» Exercise
The output should contain the listing word for word and no pictures.

» Records to process
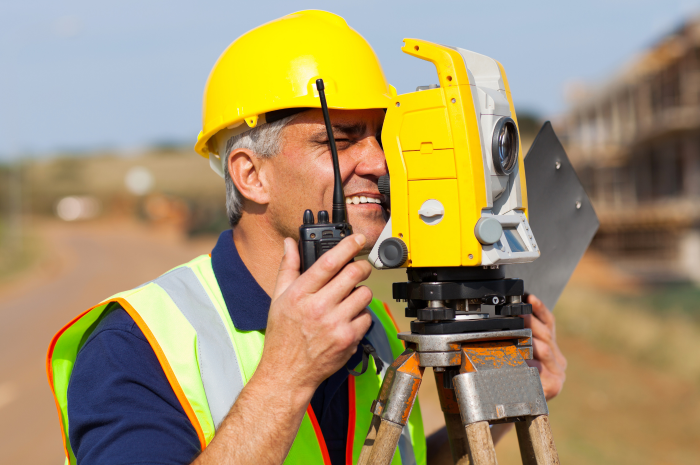 What is the role of a land surveyor?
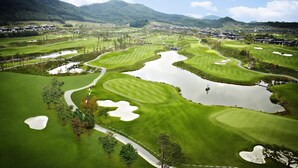 A golf course with multiple bunkers, water hazards, and a clubhouse in the background.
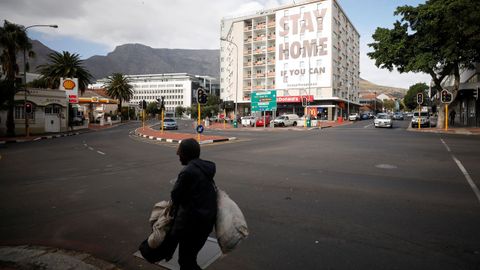 Un hombre camina por una calle sudafricana vaca  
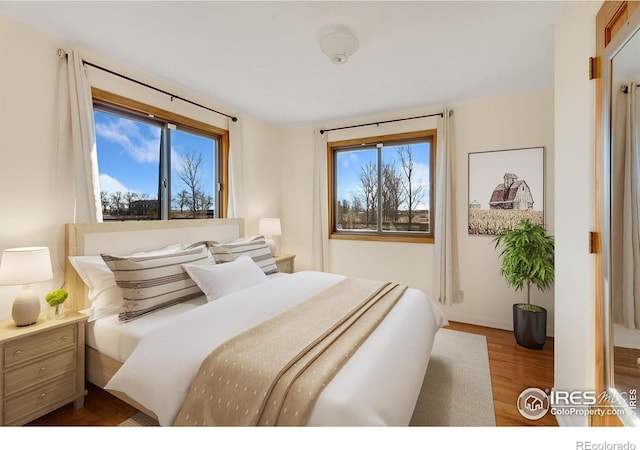 bedroom featuring wood finished floors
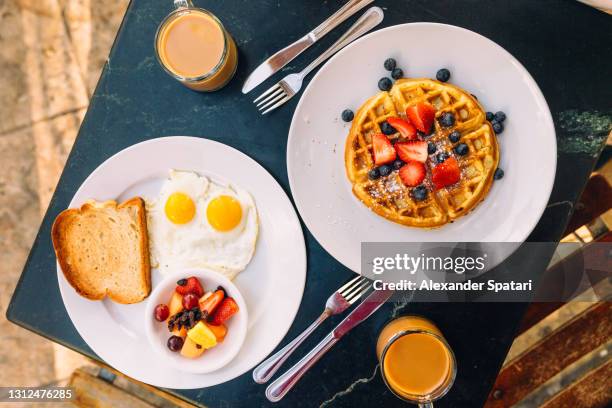 breakfast with sunny side up fried eggs, waffle and fruits - setzei stock-fotos und bilder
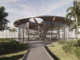 A modern circular glass pavilion designed by an architect, featuring floor-to-ceiling windows and tropical palm tree landscaping.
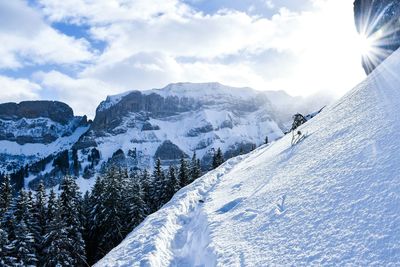 Scenic view of snow covered mountains against sky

» Response to this task
 What is the role of a land surveyor?
 A golf course with multiple bunkers, water hazards, and a clubhouse in the background.
 Un hombre camina por una calle sudafricana vaca  
 bedroom featuring wood finished floors
 breakfast with sunny side up fried eggs, waffle and fruits - setzei stock-fotos und bilder
 A modern circular glass pavilion designed by an architect, featuring floor-to-ceiling windows and tropical palm tree landscaping.
 Scenic view of snow covered mountains against sky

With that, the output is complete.